### Work to be completed
Below are entries; copy exactly the lines from the one with "Chieftec GL-04B-OP Computergehäuse" through the one with "Metapod (54) [Base Set] - Deck Out Gaming", both included, and leave out the rest.

Scraped caption text data

^^^^^^^^^^^^^^^^

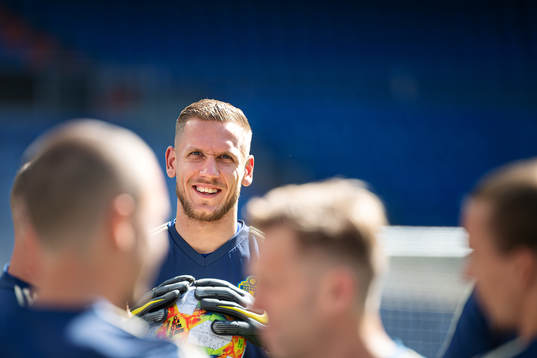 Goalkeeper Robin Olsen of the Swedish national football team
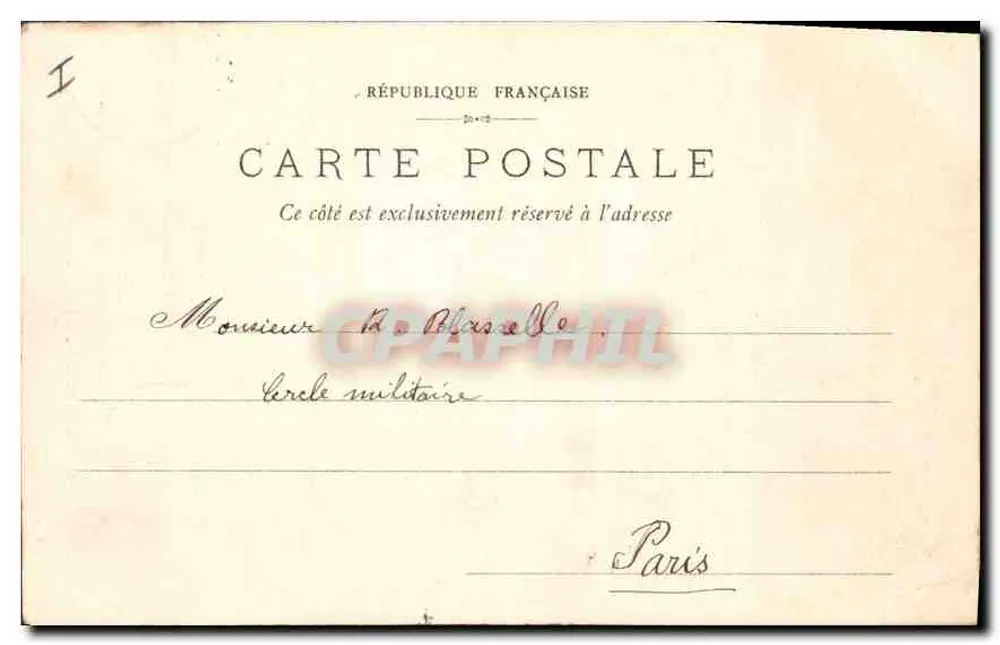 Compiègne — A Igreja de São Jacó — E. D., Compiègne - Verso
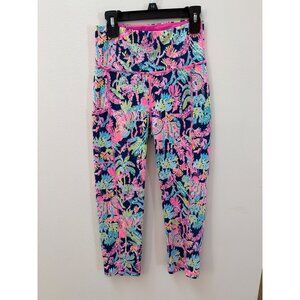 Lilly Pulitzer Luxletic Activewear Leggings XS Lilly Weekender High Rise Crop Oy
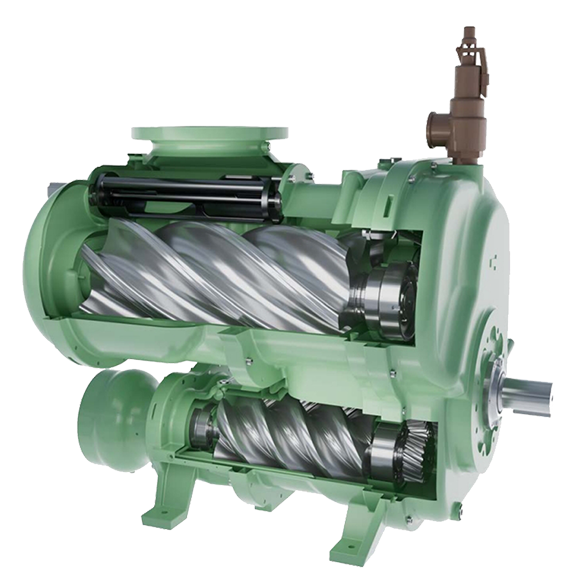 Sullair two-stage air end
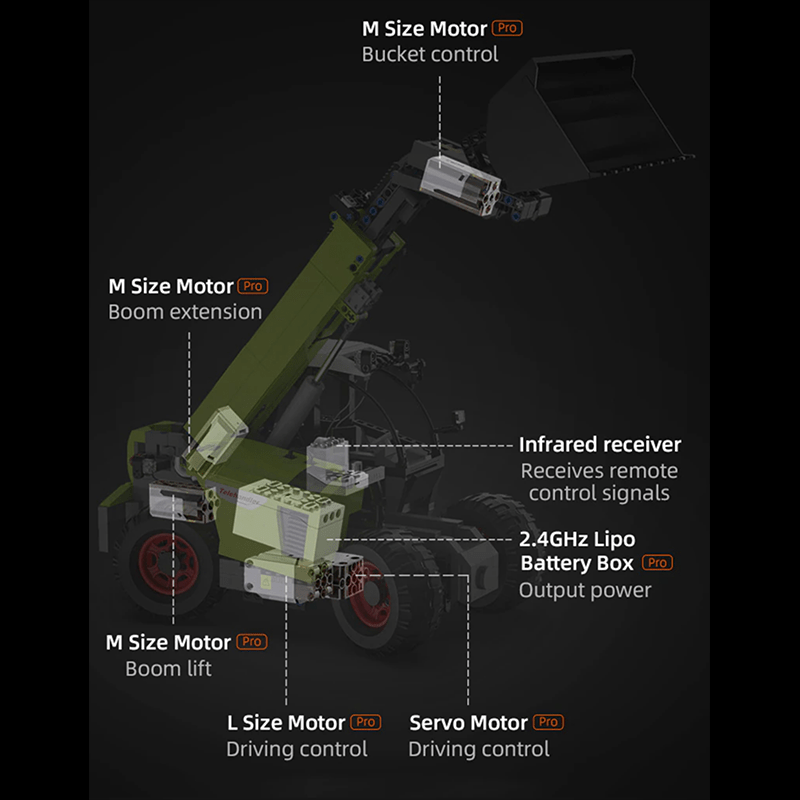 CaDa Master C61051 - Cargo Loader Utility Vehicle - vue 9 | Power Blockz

^^^^^^^^^^^^^^^^

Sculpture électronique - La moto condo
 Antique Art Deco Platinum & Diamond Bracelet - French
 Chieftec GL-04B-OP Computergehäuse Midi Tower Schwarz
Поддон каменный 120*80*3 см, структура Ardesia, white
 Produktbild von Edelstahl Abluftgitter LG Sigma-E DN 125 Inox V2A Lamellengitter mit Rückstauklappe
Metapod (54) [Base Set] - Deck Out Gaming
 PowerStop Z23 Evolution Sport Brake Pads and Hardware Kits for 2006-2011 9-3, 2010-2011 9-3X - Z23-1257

^^^^^^^^^^^^^^^^

### Response area
 Chieftec GL-04B-OP Computergehäuse Midi Tower Schwarz
Поддон каменный 120*80*3 см, структура Ardesia, white
 Produktbild von Edelstahl Abluftgitter LG Sigma-E DN 125 Inox V2A Lamellengitter mit Rückstauklappe
Metapod (54) [Base Set] - Deck Out Gaming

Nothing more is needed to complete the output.